● **Your objective**:
Of all the entries below, retype only the lines from the one with "Classic 1 Carat" through the one with "Fashion illustration of", exactly as they appear.

● **Records for this task**:
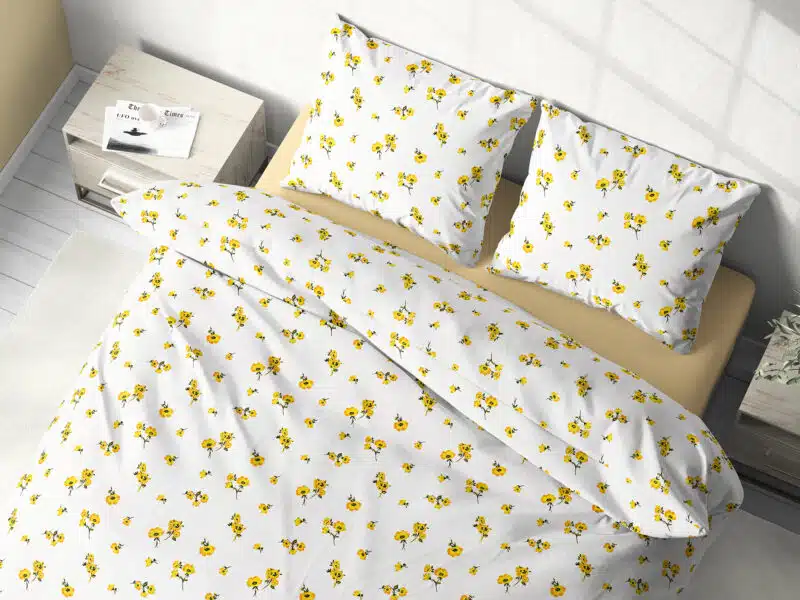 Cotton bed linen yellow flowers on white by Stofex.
* * *
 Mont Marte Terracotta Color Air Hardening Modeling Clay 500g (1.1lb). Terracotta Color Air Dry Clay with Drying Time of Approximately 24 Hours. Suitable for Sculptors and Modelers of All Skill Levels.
...
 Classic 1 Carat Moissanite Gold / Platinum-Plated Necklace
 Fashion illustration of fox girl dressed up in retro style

● **Written response**:
 Classic 1 Carat Moissanite Gold / Platinum-Plated Necklace
 Fashion illustration of fox girl dressed up in retro style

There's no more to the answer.